EXERCISE INSTRUCTIONS: Please write out exactly the line containing "Closeup chain link fence with mesh barrier Closeup" below and every line after it, through the last one, but leave out any pictures.

AVAILABLE DATA:
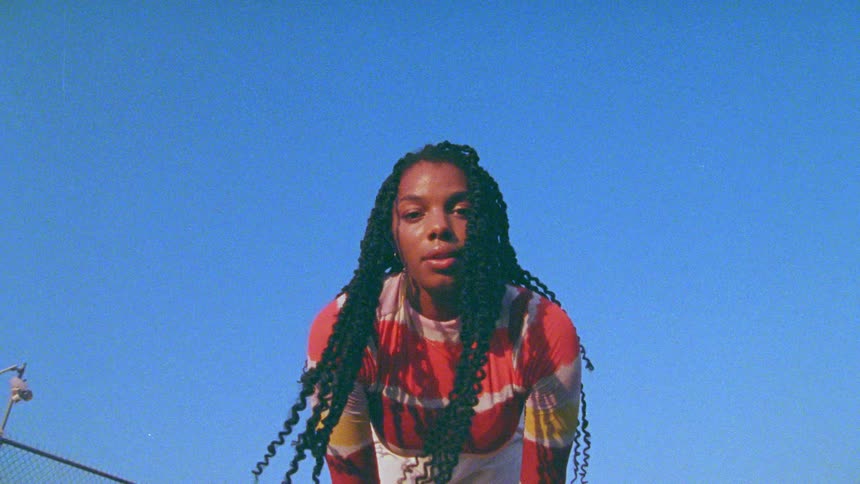 Young long haired woman looking at the camera against a clear blue sky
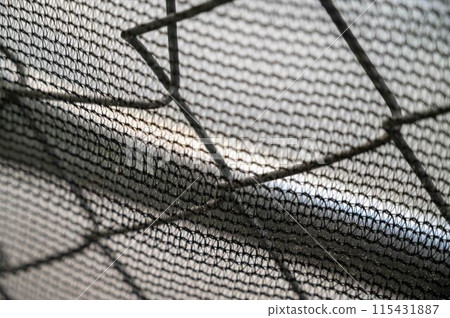 Closeup chain link fence with mesh barrier Closeup chain link fence with mesh barrier 115431887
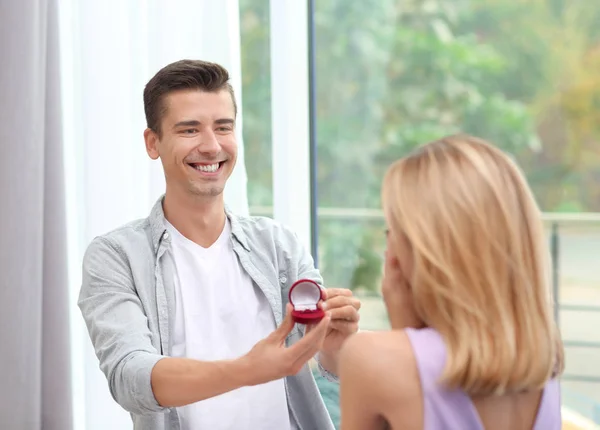 Homem com anel de noivado fazendo proposta de casamento com mulher em casa — Fotografia de Stock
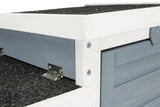 Nahaufnahme einer Ecke eines Holzkonstrukts mit blauer Wand, weißem Rahmen, schwarzen Dachplatten und silbernen Scharnieren.
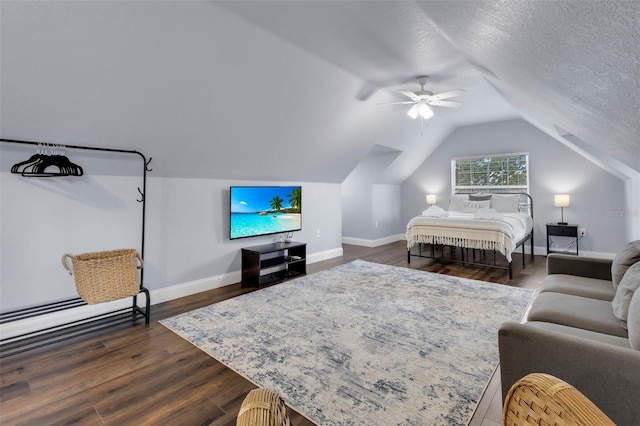 bedroom featuring ceiling fan, vaulted ceiling, dark hardwood / wood-style floors, and a textured ceiling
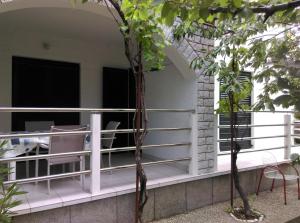 a porch with white railing and chairs and trees at Apartmani Vrzić in Baška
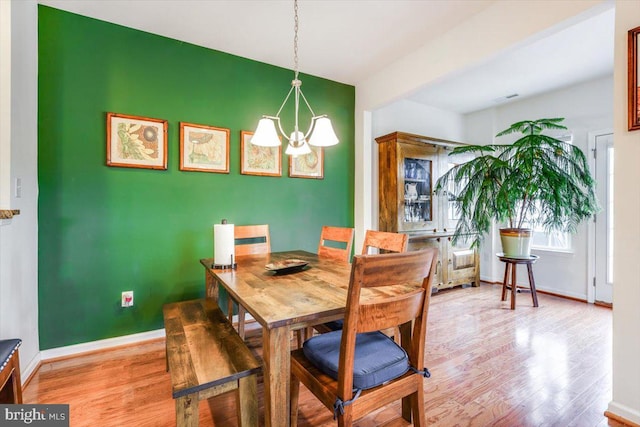 dining space featuring an accent wall, a notable chandelier, light wood-style flooring, and baseboards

YOUR SOLUTION:
 Closeup chain link fence with mesh barrier Closeup chain link fence with mesh barrier 115431887
 Homem com anel de noivado fazendo proposta de casamento com mulher em casa — Fotografia de Stock
 Nahaufnahme einer Ecke eines Holzkonstrukts mit blauer Wand, weißem Rahmen, schwarzen Dachplatten und silbernen Scharnieren.
 bedroom featuring ceiling fan, vaulted ceiling, dark hardwood / wood-style floors, and a textured ceiling
 a porch with white railing and chairs and trees at Apartmani Vrzić in Baška
 dining space featuring an accent wall, a notable chandelier, light wood-style flooring, and baseboards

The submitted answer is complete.